Lagrange to Medford Trail
As its name implies, the Langrange to Medford Trail travels from South Lagrange through Medford Center before ending at Lake View Plantation. The trail is 16 miles long and consists of a hard gravel surface. Along the trail, take note of the rural Maine scenery, including tall forests and rolling farmland. The trail terminates near beautiful Schoodic Lake. The Lagrange to Medford Trail is maintained by volunteers, so be courteous by following “leave no trace” guidelines when using the trail.
Sherman to Patten Trail
Approximately 6 miles in the length, the Sherman to Patten multi-use trail features a rough gravel surface following an old rail bed. The trail passes through open fields as well as wooded areas. The trail passes near the well-known Thousand Acre Bog. This enormous swamp offers excellent wildlife viewing opportunities. Look for white-tailed deer, birds, and interesting plant species. Because the Sherman to Patten Trail is remote, bring plenty of food and water in case of unexpected events.
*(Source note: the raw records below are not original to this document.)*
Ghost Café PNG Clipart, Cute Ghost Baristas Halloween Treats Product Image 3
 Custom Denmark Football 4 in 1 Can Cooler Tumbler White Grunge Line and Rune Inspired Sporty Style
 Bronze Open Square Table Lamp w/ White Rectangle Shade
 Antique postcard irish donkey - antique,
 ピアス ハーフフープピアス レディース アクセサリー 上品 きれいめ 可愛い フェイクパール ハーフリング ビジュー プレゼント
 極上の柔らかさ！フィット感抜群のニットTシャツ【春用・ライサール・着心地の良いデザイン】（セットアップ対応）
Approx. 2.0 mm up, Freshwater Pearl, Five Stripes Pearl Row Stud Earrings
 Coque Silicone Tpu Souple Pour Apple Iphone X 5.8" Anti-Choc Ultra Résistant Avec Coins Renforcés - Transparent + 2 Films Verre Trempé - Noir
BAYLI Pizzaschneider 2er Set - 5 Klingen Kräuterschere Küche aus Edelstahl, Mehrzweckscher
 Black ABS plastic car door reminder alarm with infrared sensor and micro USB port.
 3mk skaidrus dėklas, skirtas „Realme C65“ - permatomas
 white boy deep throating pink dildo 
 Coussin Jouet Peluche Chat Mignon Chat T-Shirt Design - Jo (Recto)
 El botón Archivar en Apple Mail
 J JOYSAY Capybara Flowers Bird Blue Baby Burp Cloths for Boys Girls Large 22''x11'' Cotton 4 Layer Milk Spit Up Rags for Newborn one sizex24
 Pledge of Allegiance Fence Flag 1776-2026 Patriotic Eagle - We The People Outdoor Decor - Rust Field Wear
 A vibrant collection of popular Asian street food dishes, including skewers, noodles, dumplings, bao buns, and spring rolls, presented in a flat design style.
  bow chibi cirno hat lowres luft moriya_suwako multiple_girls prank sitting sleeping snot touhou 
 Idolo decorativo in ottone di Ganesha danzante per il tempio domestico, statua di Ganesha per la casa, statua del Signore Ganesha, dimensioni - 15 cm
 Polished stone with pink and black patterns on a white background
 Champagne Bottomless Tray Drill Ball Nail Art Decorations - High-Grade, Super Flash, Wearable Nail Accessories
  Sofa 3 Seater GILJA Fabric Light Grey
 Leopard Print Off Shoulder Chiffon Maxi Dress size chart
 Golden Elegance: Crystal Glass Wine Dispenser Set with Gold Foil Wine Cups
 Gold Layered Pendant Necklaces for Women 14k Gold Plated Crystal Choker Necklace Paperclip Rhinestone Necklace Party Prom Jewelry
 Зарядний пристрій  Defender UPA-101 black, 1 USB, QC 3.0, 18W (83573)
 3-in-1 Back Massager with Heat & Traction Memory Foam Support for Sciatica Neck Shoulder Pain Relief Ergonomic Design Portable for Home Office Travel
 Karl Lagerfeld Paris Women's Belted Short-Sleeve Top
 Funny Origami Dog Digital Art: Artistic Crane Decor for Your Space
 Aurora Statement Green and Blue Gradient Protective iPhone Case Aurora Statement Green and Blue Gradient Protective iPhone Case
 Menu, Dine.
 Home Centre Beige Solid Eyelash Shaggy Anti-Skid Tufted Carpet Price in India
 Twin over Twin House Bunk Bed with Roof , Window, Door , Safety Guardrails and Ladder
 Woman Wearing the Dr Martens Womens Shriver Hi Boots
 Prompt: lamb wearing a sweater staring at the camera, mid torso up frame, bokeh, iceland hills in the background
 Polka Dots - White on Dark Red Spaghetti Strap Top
Southern Bangor & Aroostook Trail
The Southern Bangor and Aroostook Trail is also called the Houlton to Phair Junction. This 37-mile trail stretches from Houlton to Montiello, Bridgewater, Mars Hill, and Presque Isle. The hard gravel surface is perfect for off-road bikers, ATV riders, and hikers in the summer months. The trail passes through forestland and small Maine communities where you can stop for refreshments or a hot meal. The Southern Bangor and Aroostook Trail is located in logging country; as a result, logging trucks occasionally pass through the trail. Be aware of motorized vehicles and yield the right of way to logging trucks on the trail.
St. John Valley Heritage Trail
The St. John Valley Trail passes from Fort Kent through St. John before terminating in St. Francis. Located on the border of Maine with Quebec, this 16.5-mile multi-use trail offers views of one of the most beautiful areas in the state. Experience the rolling hills, lush farmland, and rushing water of the St. John River. This trail passes near highways, but trail users often report that it feels very remote and is similar to a backcountry experience. The St. John Valley Trail is open in all seasons for recreational users.
Whistle Stop Trail
The Whistle Stop Trail, located in western Maine, passes from Jay to Farmington. Although the majority of the trail is gravel, some sections consist of sandy soil. Mountain bikers may have difficulty navigating these sandy sections. This 14-mile trail passes through the rolling hills of western Maine, giving users views of beautiful farmland. The Whistle Stop Trail is open year-round.